Beyond Al-Qa’ida: Different Faces of Political Islam and Why it Matters to Us
Lecture Date: Sunday, August 25, 2013
Dr. Emile Nakhleh,
Consultant & Former Senior CIA Officer
The Arab Spring has resulted in the emergence of political Islam on the Arab political scene, especially in Tunisia, Egypt, and Libya. We also see vestiges of political Islam in Yemen and Bahrain. After Assad, political Islam is expected to play a central role in Syrian politics. Political Islam refers to political organizations that pursue a political and social agenda in accordance with their interpretation of their faith. A key challenge for the US is whether Islamic parties would hijack the democratic process and marginalize the liberal secular segments of the population, which led the revolution in the first place. Another challenge centers on the increasing military role of radical “jihadists” in Syria and growing terrorism in Africa, particularly Nigeria, Mali, and Somalia.

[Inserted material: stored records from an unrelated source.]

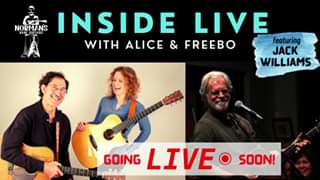 Watch INSIDE LIVE with Alice & Freebo feat. Jack Williams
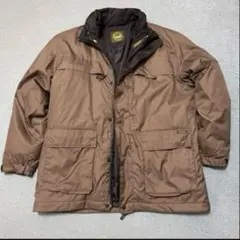 ジャンバー　アウター　2枚重ね式　ブラウン　 L サイズ　メンズ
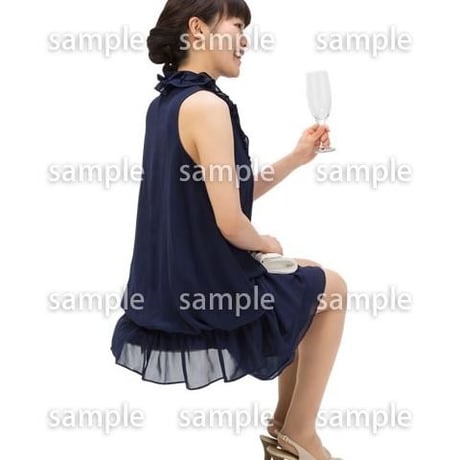 Cutout People　パーティー座る人　DD_488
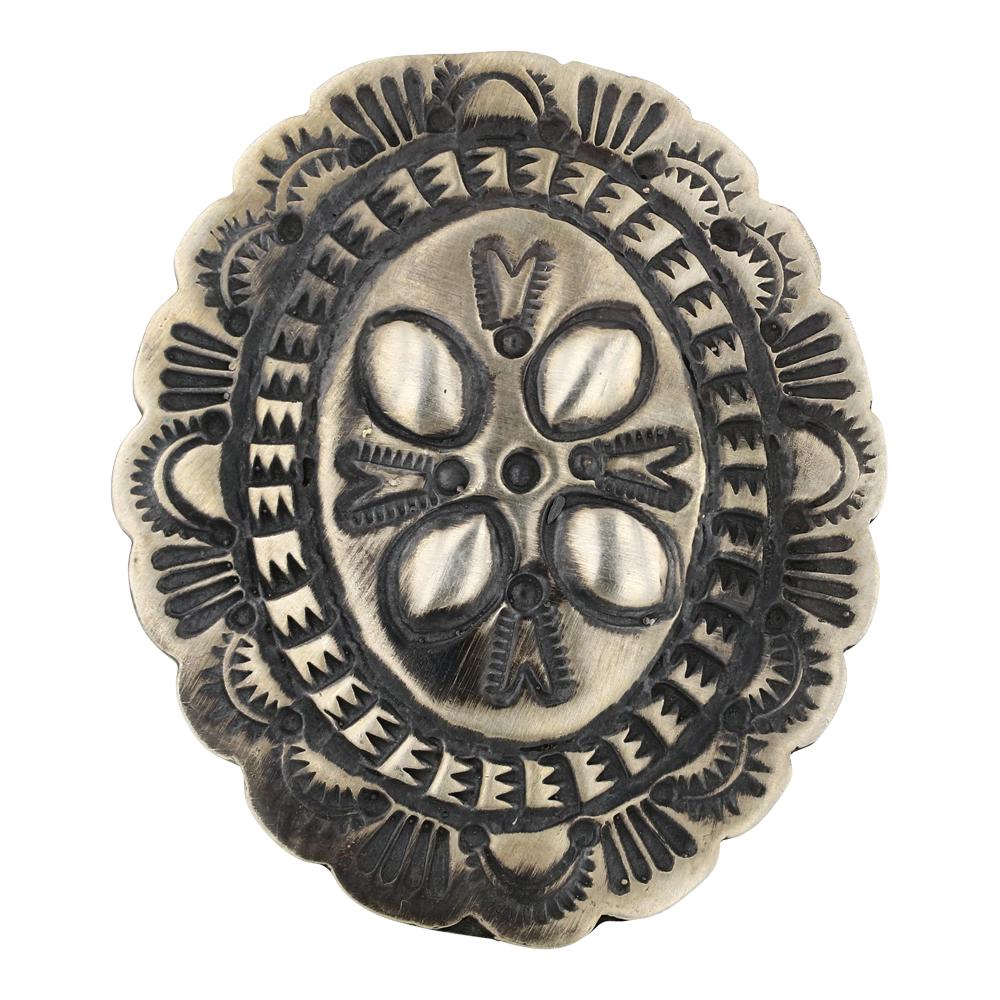 Navajo Plain Silver Stamp Ring (1 of 3)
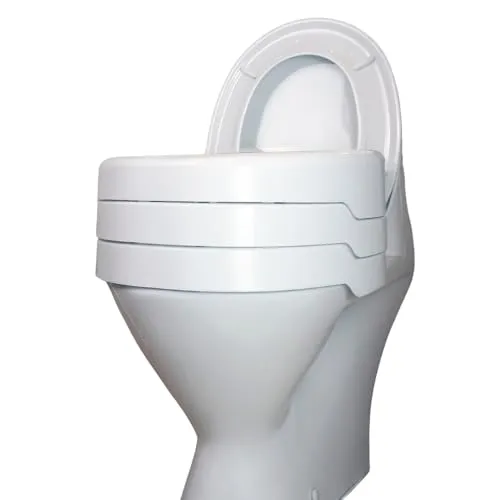 Helping Hand Company EZY-FIT Toilettensitzerhöhung, 15,2 cm, ohne Deckel, sicherer Badezimmerhelfer für ältere und behinderte Menschen, universell passend für runde und quadratische Toiletten, robust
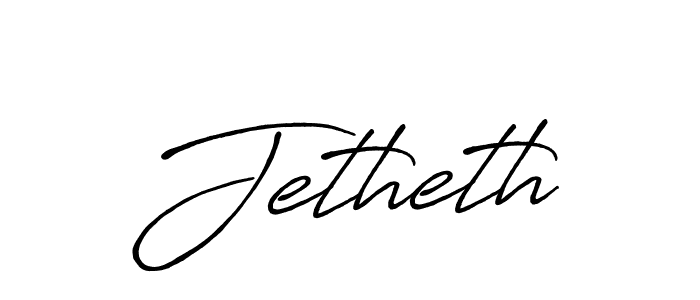 How to make Jetheth signature? Antro_Vectra_Bolder is a professional autograph style. Create handwritten signature for Jetheth name. Jetheth signature style 7 images and pictures png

Emile Nakhleh is an expert on Middle Eastern society and politics and on political Islam. He is a member of the Council on Foreign Relations and a Research Professor at the University of New Mexico. He previously served in the Central Intelligence Agency from 1993-2006, first as scholar in residence and chief of the Regional Analysis Unit in the Office of Near Eastern and South Asian Analysis and subsequently as director of the Political Islam Strategic Analysis Program. Until 1993 Nakhleh taught at Mount St. Mary’s University, where he was the John L. Morrison Professor of International Studies. Nakhleh’s publications include, among others, “A Necessary Engagement: Reinventing America’s Relations with the Muslim World” (2009), “Bahrain: Political Development in a Modernizing Society” (1976 and 2011), and “The Gulf Cooperation Council: Policies, Problems, and Prospects” (1986). Nakhleh holds a PhD from American University, an MA from Georgetown University, and a BA from Saint John’s University, Minnesota.